Artist: One Dae

Album: Daes & Times


1. Welcome Sinners
2. Bang This
3. Style
4. Play By Play (ft. Evidence)
5. It’s Everywhere
6. A Long Way (ft. Statik Selektah)
7. Daes & Times (ft. C-Rayz Walz)
8. BK All Dae
9. Walk In My Shoes (ft. Dana Diaz-Tutaan)
10. Abu Ghraib (ft. Sean Price)
11. Earth Child (ft. Tsi La Brev)
12. Take A Look Around
13. End of the World


I really want to close out 2013, but I can not do so without cranking out one more review for a very dope album.  The first thing heads will notice about the album Daes & Times is the production credits.  There are some heavyweight names creating beats for One Dae.  When listeners see names like Statik Selektah, Marco Polo, Analogic, Domingo, and M-Phazes, they are bound to pay attention.  But as the man, Mike Zoot once said “a wack rhymer can kill a raw beat”.  In this case the opposite is true: One Dae accentuates what these beatsmiths provide making this album memorable.

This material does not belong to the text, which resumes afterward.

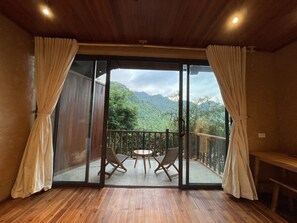 Executive-Zimmer, Balkon, Bergblick | Blick auf die Berge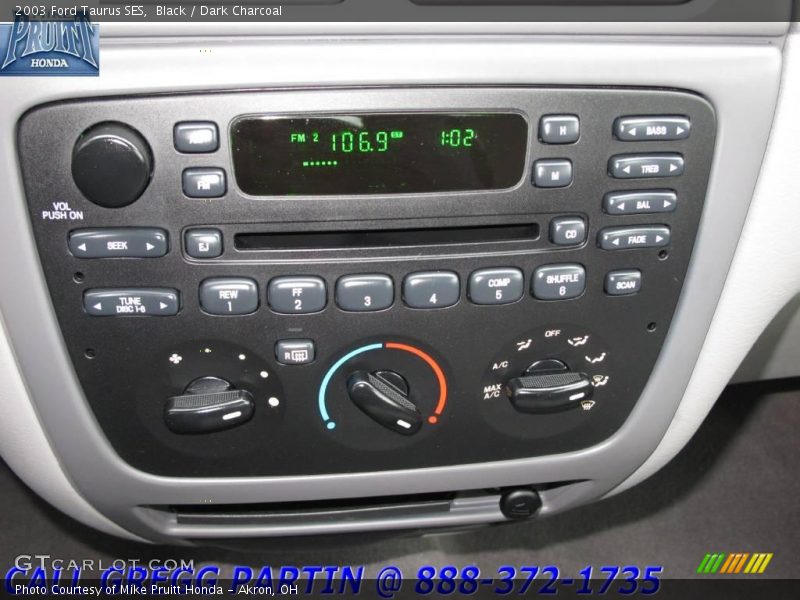 Black / Dark Charcoal 2003 Ford Taurus SES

A lot of people are not up on One Dae, but I’ve been aware of his lyrical prowess for a few years.  He has had mixtapes entitled Fire For Hire Vol I & II and The Scrapbook.  But the last one was released in 2009, so for almost four years there as absolutely nothing dropping from the man (that I am aware of).  In 2012 he released the Time Lapse EP, and I was just left hoping that he was back in the game making more music.  In 2013, those hopes came to fruition in in the culmination of this album and I can only hope that his music will reach more people.

Dae is a not only an emcee, he is a lyricist.   And yes, you can be one, without being the other.   He is able to craft bars together in a way that adds dimension to his flow.  The track, Bang This, produced by Marco Polo, really sets the tone for the rest of the album.  It is meant to showcase Dae’s sheer breadth of talent.  You also can’t ignore the banger that Marco Polo put together.  The drums hit hard in stark contrast to the sample of what sounds like kids humming.  Throughout the track Dae is manipulating the turn of phrase on the regular so the listener can never anticipate the next part of the verse.  This is advanced level of artistry on all levels of the track.

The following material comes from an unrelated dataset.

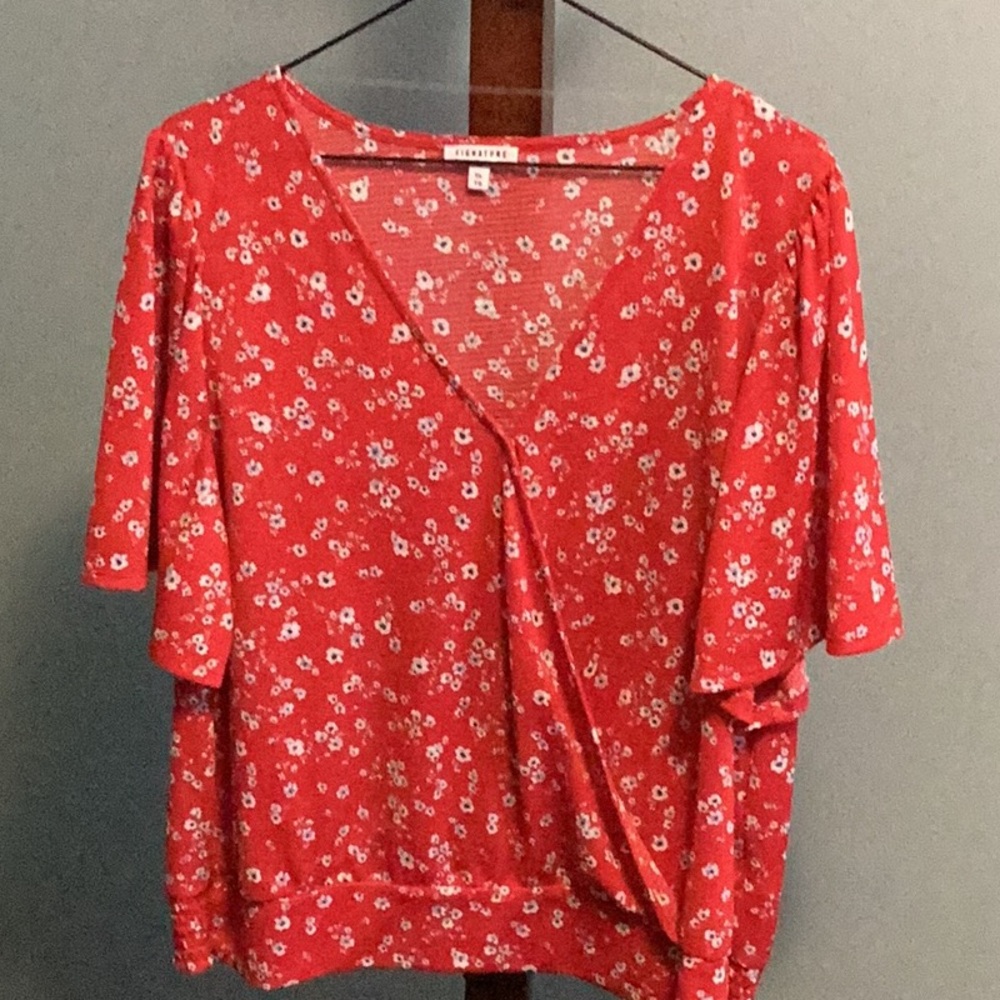 Red Floral Women's Top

Walk In My Shoes is a creeper of a song.  The bass line and the keys that lie in the background crafted by PAWS combine with the dark chorus sung by Dana Diaz -Tutaan and create a very dark landscape.  Dae takes the opportunity to take the listener on a journey through his world and a mind that  “…might flirt death, but work with the lord“.

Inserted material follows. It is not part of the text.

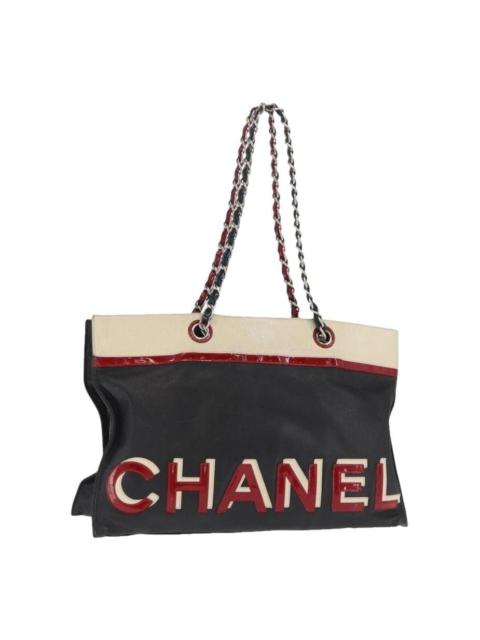 CHANEL Leather tote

Take A Look Around is one of my favorite tracks this year.  And even though it was orignally brought to life in 2007, I can not help  but love the stories he tells about these individuals.  It’s a gritty banger for heads who like their beats dark and the lyricism raw:

I know this dude named Eddie / Had a semi automatic tec and a machete / Used to cop weight from him, cool, he was friendly / Had the same beef with this dude I want to bury / African cat, taught him how to smoke ganjah / Funny style. with fucked up gear, his hair was bonkers / He tried to play me on some hating on Dae shit / Sucka punched me dead in the face, and ran away quick / My man Jason, just sat there and didn’t chase him / I’m like what fuck, you let him get away son / My finger in the air, like all y’all is gay son / Y’all the reason why I’ve been One Dae, since day one /The whole time this Puerto Rican bitch / Laughing at my bloody lip / Lucky I ain’t slap her on some ugly shit / Lucky she was in the whip, tripped, that’s some funny shit / Last week I hollered at the bitch and another chick

The flow here is ridiculous and the narration makes you feel like you are in the same room with Dae while he is telling the tales.  The production by PAWS is eerily perfect to serve as the set up for One Dae to do his thing. Out of all the dope tracks on this album, I herald this one as my favorite.

The talent that Dae displays throughout Daes & Times is distinctive.  He embodies all the necessary tools that an emcee should possess but add his own twist to each one.  His rhythms and gift of gab are saturated by the New York streets from which he resides, but not relegated to the same old tired themes and flows that we have all heard before.  His wordplay is well construed and the intelligence required in crafting the album is evident. I would call his flow ‘creative’ as it does not get stuck in the same ruts as some of his contemporaries.  He is able to adjust to different sounds and concepts, giving every track a different feel than the last.  This is boom-bap evolved.